The word came out sharp. Hyungmin didn’t react—his mind seemed elsewhere. He spoke sluggishly, mechanically.
“He’s in quarantine.”
“For what happened in the lobby?! That was self-defense—”
“It’s not because of that. Not because of another hunter.”
He hesitated, and that hesitation made my gut twist. I urged him, demanded to know. He avoided my gaze and finally confessed,
“They said he hurt his partner guide.”
“Unbelievable.”
The Bureau, usually obsessed only with results, suddenly cared about fairness? Did someone enroll them in a mandatory ethics course?

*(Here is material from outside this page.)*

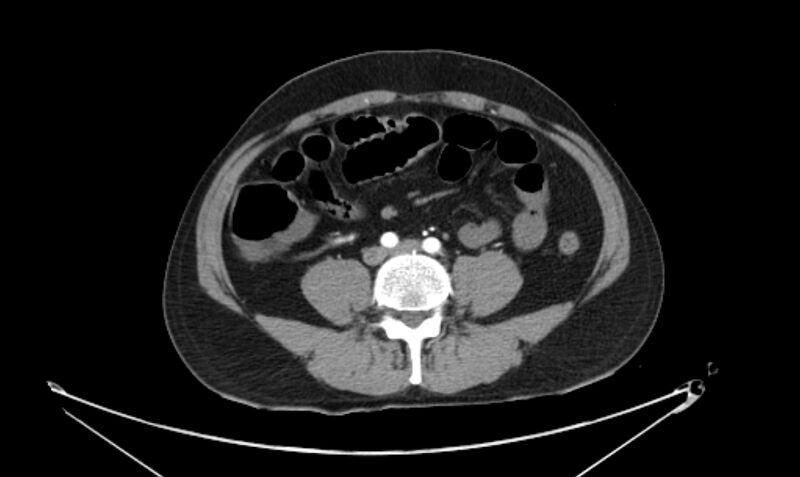File:Arterial occlusive mesenteric ischemia (Radiopaedia 84641-100060 A 84).jpg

So Wonu didn’t even know what happened to me—he probably just thought he’d hurt me somehow. God. My chest tightened thinking about how he must feel. I shut my eyes and sighed over and over, trying to calm down. When I finally opened them, I asked again about the dungeon’s status.
“So the raid’s over? How’d they finish it?”
“Finish? They didn’t.”
“What do you mean?”
“They haven’t cleared it. How could they know how, when it’s not done? The rooms we rescued were restored as before, but the rest of it… still remains.”
His words left me blank. This time, I was the amateur—staring stupidly, asking only, “Why? How?” until he answered.
“They said they couldn’t find the raid point. Without knowing the breakthrough method, there’s nothing to do. So for now… they’ve sealed it off, keeping it under surveillance.”
A sharp ringing filled my ears; pain throbbed through my skull. Wonu. I wanted to see Wonu. To hear him say something absurdly logical, to watch him treat disaster like it was nothing special.